# WWI Documentary Film



## pws49 (Feb 7, 2008)

Hi all-

Just wanted to make you aware of two books that were recently published regarding films of WWI.

The first, is WAR WINGS: Films of the First Air War, is a reference guide that describes, in detail, thousands of scenes of WWI aviation related documentary motion pictures. Of the thousands of WWI related reels held in the National Archives, only 71 film titles document aviation activities, and half of those titles consist of only a few scenes. WAR WINGS chronicles over 2,500 individual scenes of filmed action, while hundreds more are summarized. Scenes of pilot training, airplane manufacturing, fighting in the skies over France, and even the post-Armistice testing of enemy airplanes, are cover in this book.

The second one is BATTLEFILM: U.S. Army Signal Corps Motion Pictures of the Great War, was the Finalist Award Winner in the Military History Category of THE NATIONAL “BEST BOOKS” 2007 AWARDS. For the first time, in book form, there is concise information about the surviving motion pictures that were taken during WWI. BATTLEFILM details 467 film titles that cover America’s part in this conflict. Each of the 957 reels of action is described using data gathered from actual U.S. Army records.
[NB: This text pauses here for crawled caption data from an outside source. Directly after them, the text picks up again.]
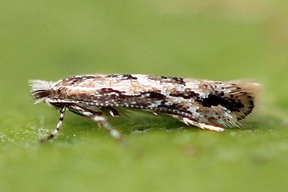 Phyllonorycter issikii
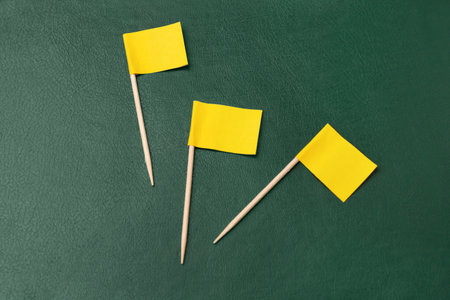 Small yellow paper flags on green background, flat lay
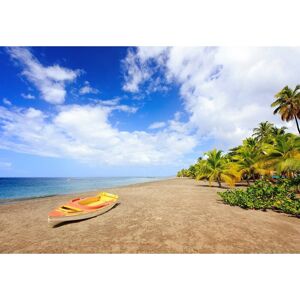 Ceanothe Tableau sur verre plage Anse Macabou Martinique 45x65 cm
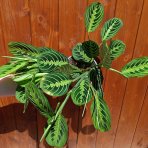 Maranta rebernatá (Maranta leuconeura) ´LEMONLIME´ - výška 15-25 cm ⌀ 30-40 cm, kont. C1L
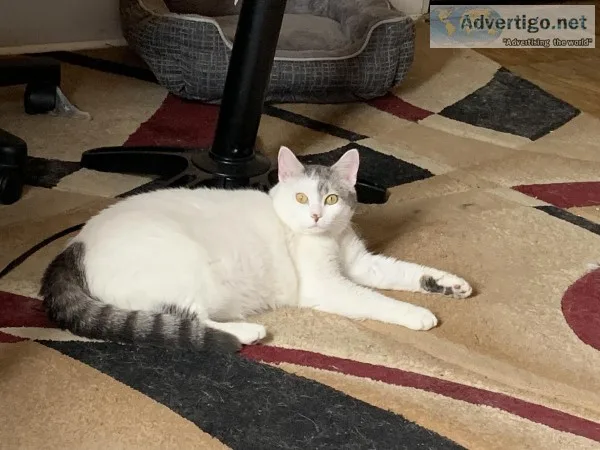 2 cats need home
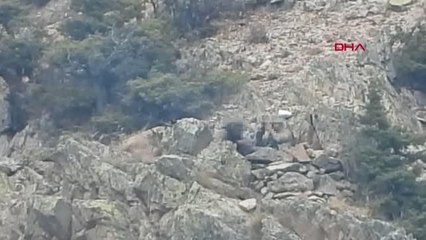 Dron ile tespit edilen kaçak avcılara para cezası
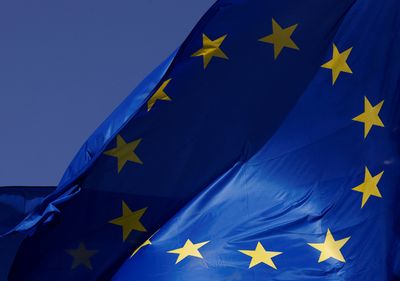 After fractious debate, EU Parliament votes to back "biggest ever" carbon market overhaul
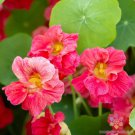 50 Seeds Jewel Cherry Rose Nasturtium Seeds For Garden Easy to Grow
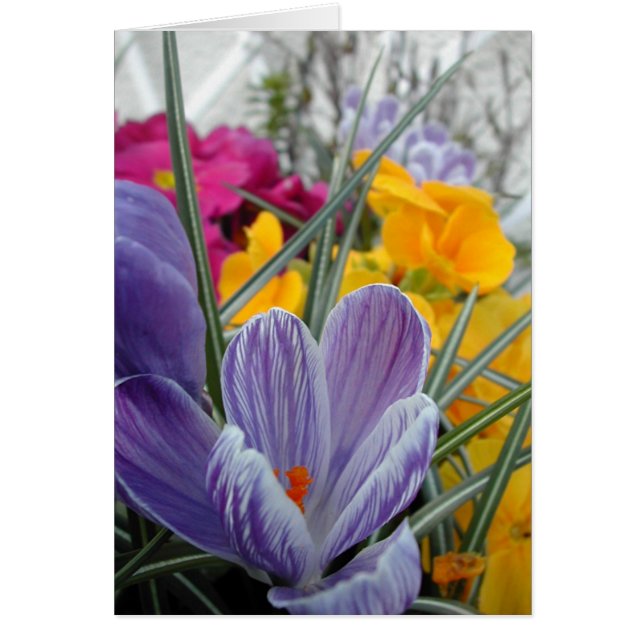 Flora für Frühling #3 (Vorne)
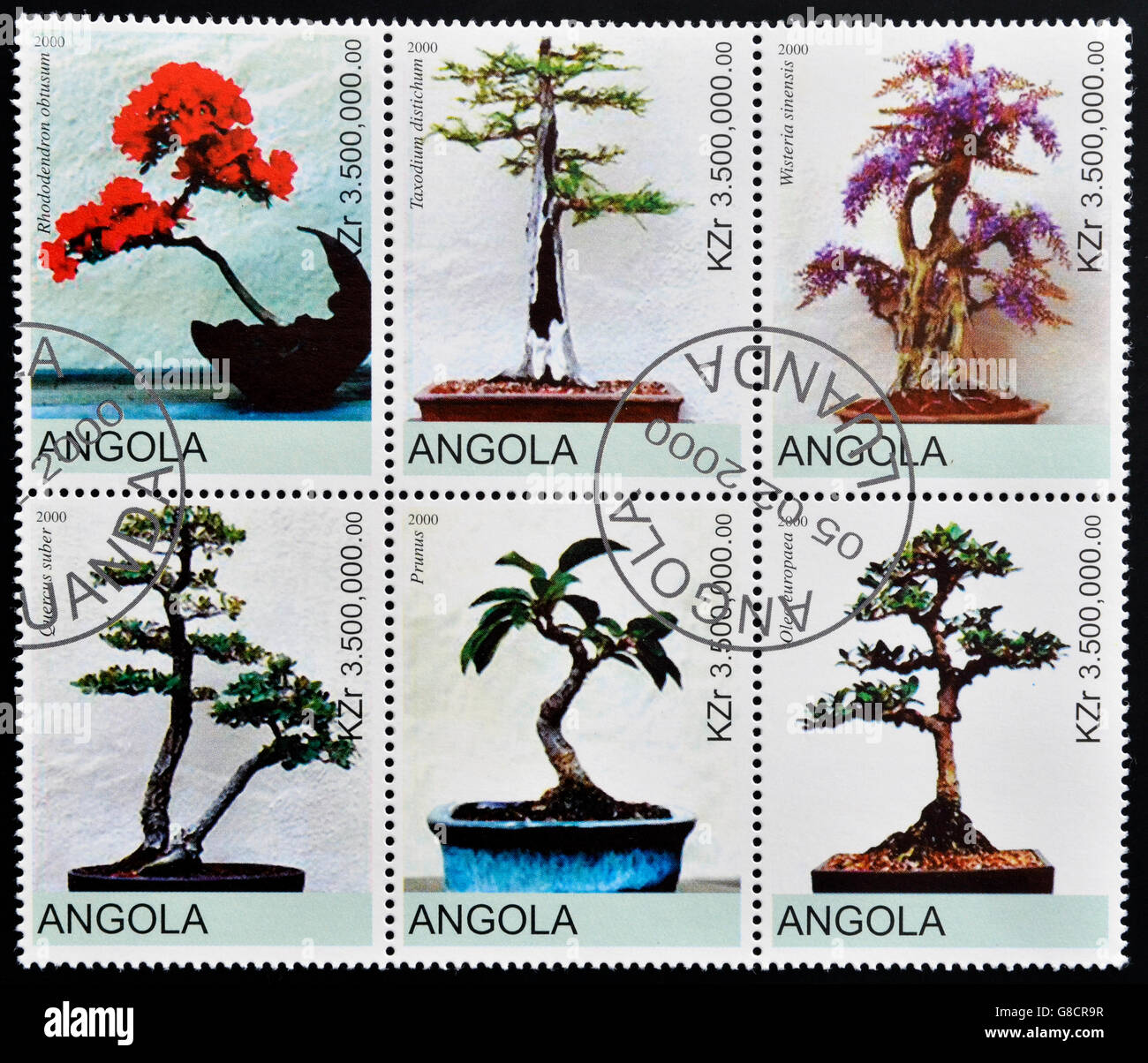 ANGOLA - CIRCA 2000: Collection stamps shows different bonsai, circa 2000 Stock Photo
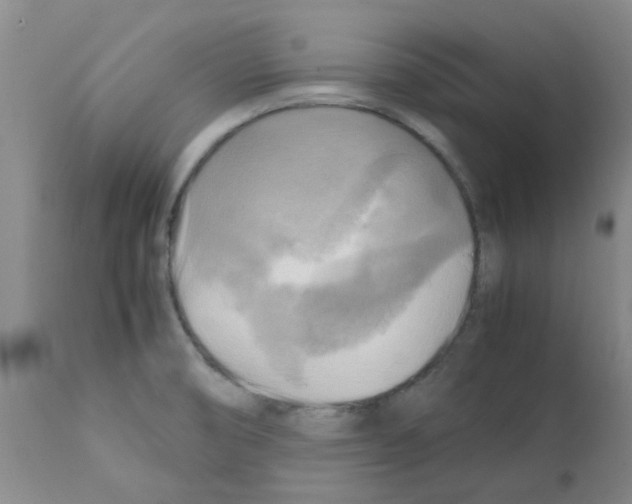 X0000112091474200909151125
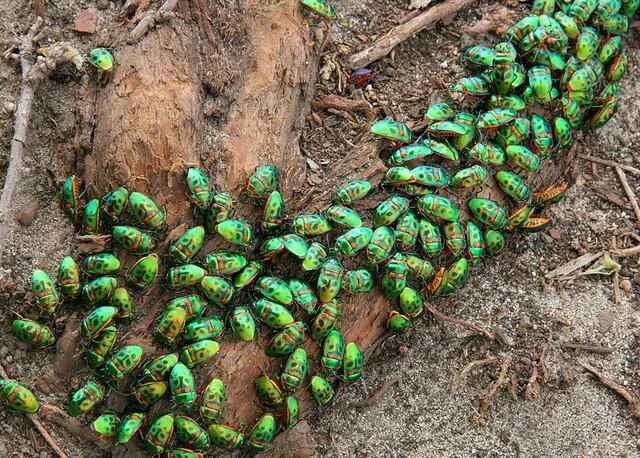 宝石虫/金属盾虫（Jewel Bug/Metallic Shield Bug）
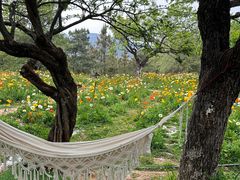 -名花谷生态庄园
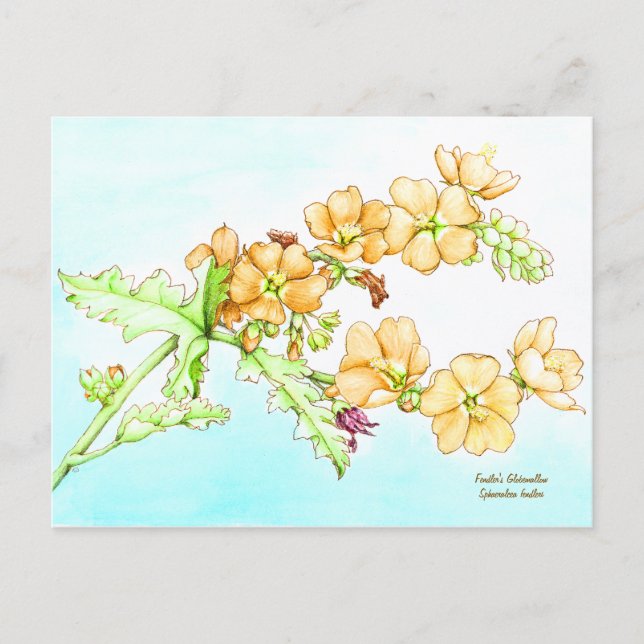 Botanical wildflower watercolor, globemallow postcard (Front)
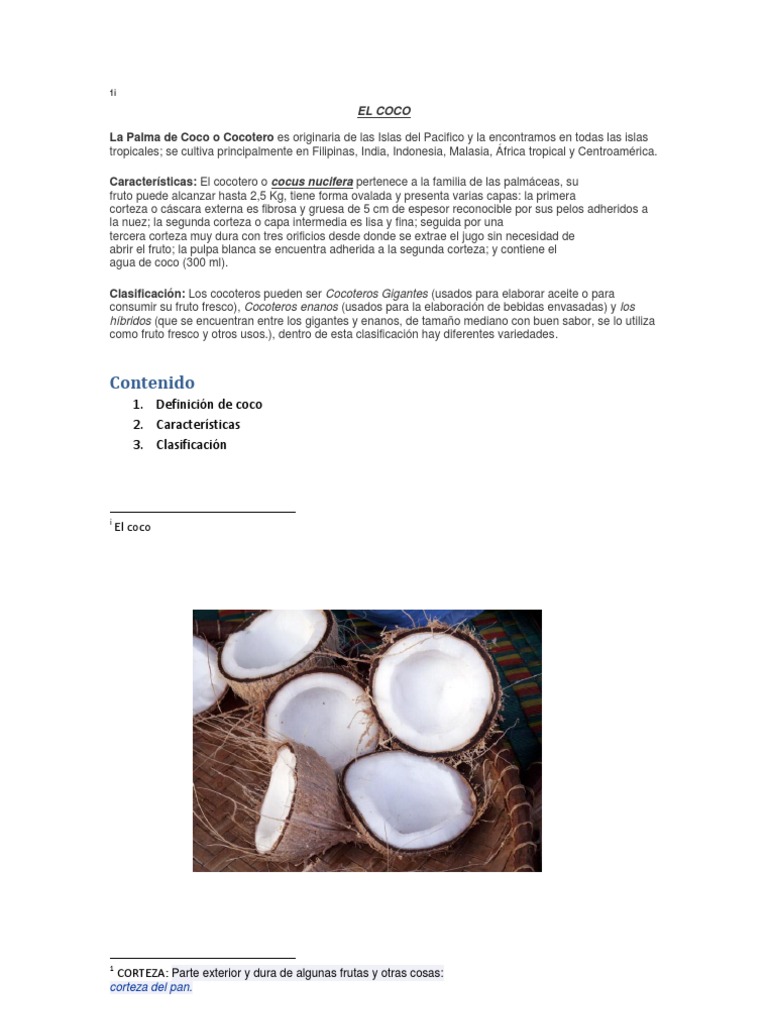 Características y clasificación del coco | PDF | Hogar, jardinería y ...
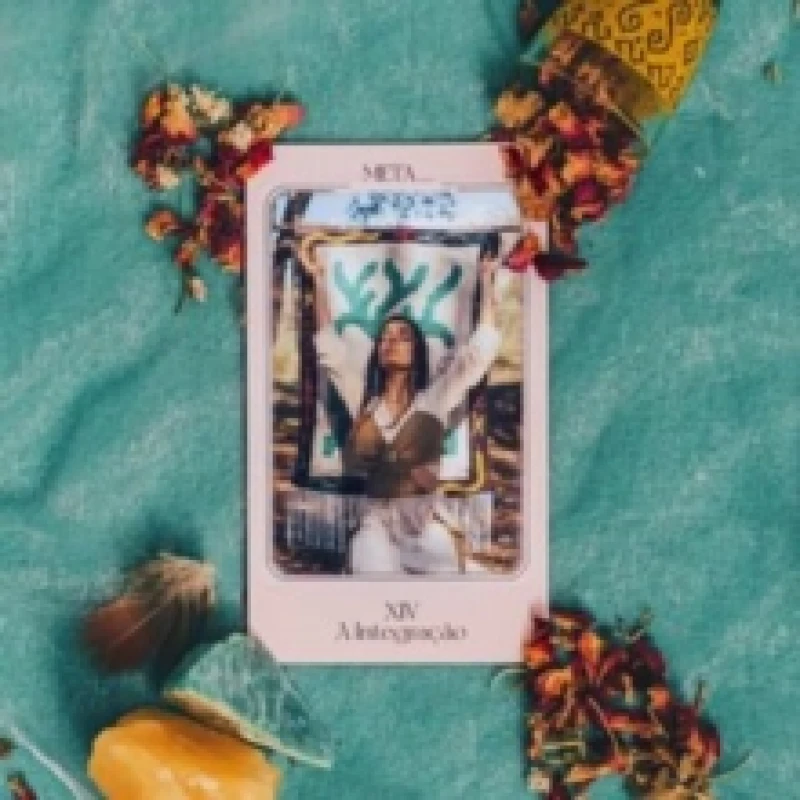 Image of XIV a Integreo Vinyl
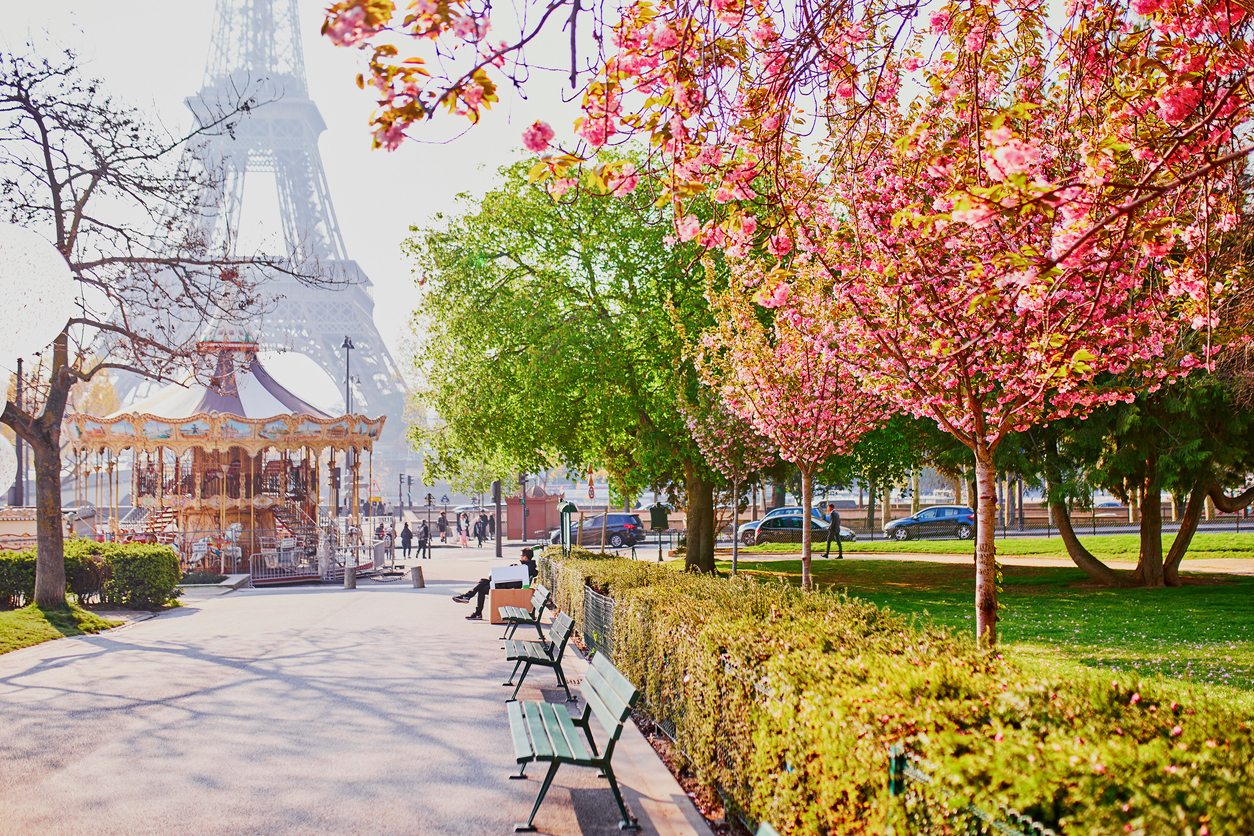 Scenic view of the Eiffel tower with cherry blossom trees in Paris, France on a spring day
If your interested in these books please check out the authors website at www.pwstewart.com for more information.
Disclaimer...I'm the author.
ps


----------



## Emac44 (Apr 7, 2008)

PWS. Thanks I will look out for those books. But also a new Documenatry has been released with black and white film footage from World War 1 been digitaly remastered and colour added to each frame of footage. Documentary is on the History Channel


----------